Według szefa BBSR to doskonałe miejsca do rozmieszczenia napływających do Niemiec uchodźców. W wielu regionach - na przykład Nadrenii Północnej-Westfalii, Saksonii czy Meklemburgii-Pomorze Przednie - na chętnych czekają nie tylko puste mieszkania ale także wolne miejsca pracy. Zdaniem Herrmanna osiedlanie uchodźców w takich regionach zmniejszyłoby napięcia w dużych miastach, gdzie jest deficyt lokalowy i zdarza się, że dotychczasowi najemcy są zmuszani do ustąpienia miejsca uchodźcom.
Jednak przedstawiciel federalnego ministerstwa budownictwa Gunther Adler uważa, że masowe zasiedlanie pustostanów uchodźcami stwarzałoby "napięcia" i napędzało nastroje w środowiskach prawicowych ekstremistów. - To mogłoby doprowadzić do eksplozji społecznej - dodał Adler.

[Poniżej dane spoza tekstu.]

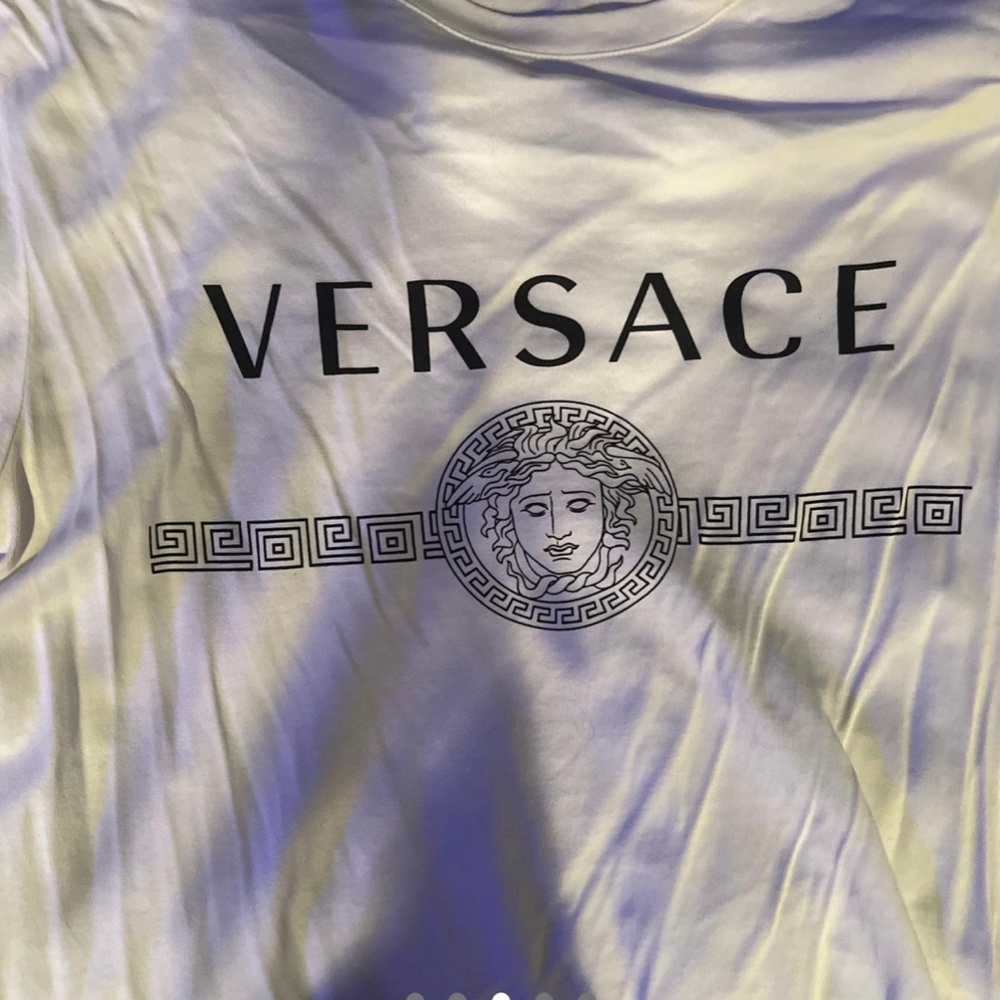 Versace - Picture 2 of 4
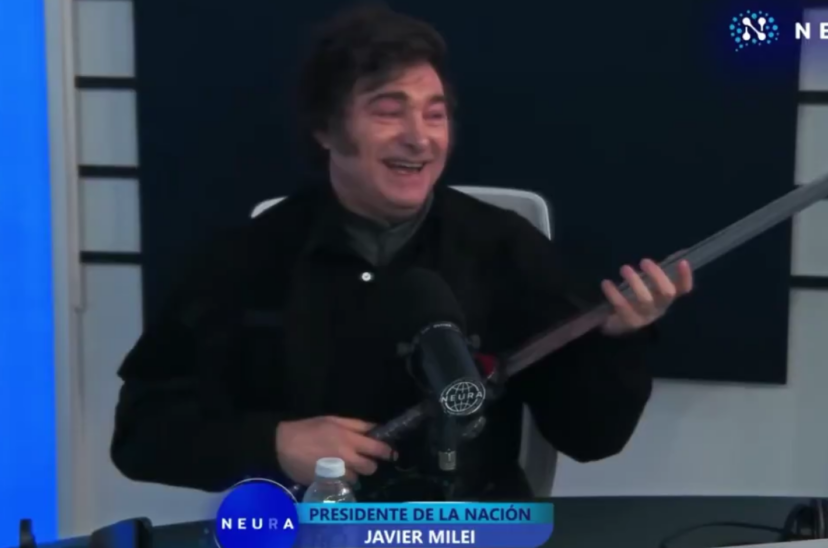 Milei con el regalo de Fantino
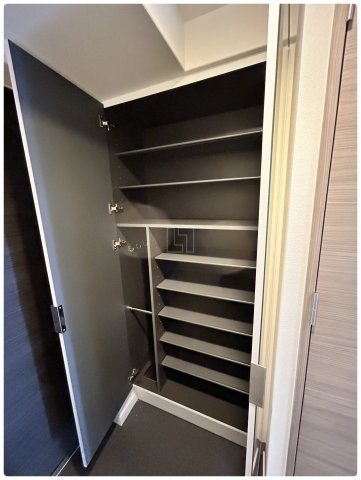 収納　プレサンスOSAKADOMECITYクロスティ（プレサンスオ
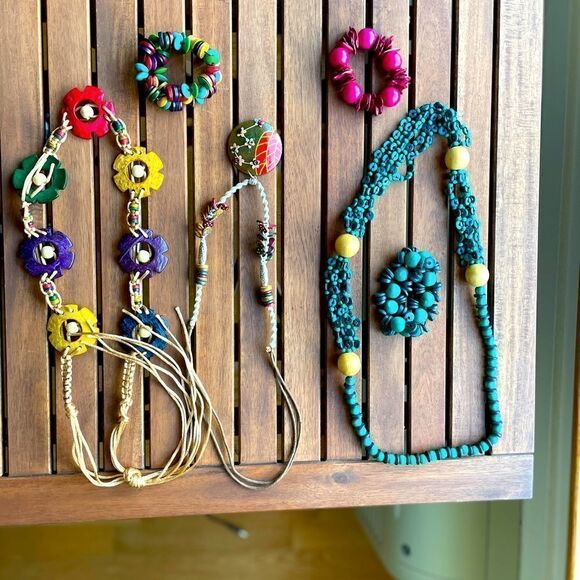 Jewelry - Wood fashion jewelry bundle 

Niemieckie media zwracają uwagę, że mimo tylu wolnych lokali czynsze i ceny mieszkań w dużych niemieckich metropoliach wciąż rosną. najmocniej w zachodniej części kraju. Według prognoz analityków w dużych miastach potrzeba jeszcze co najmniej 400 tys. nowych mieszkań rocznie, by zaspokoić popyt. Jednocześnie zrzeszenia najemców apelują o regulacje, które powstrzymałyby właścicieli mieszkań przed niekontrolowanym podnoszeniem czynszów.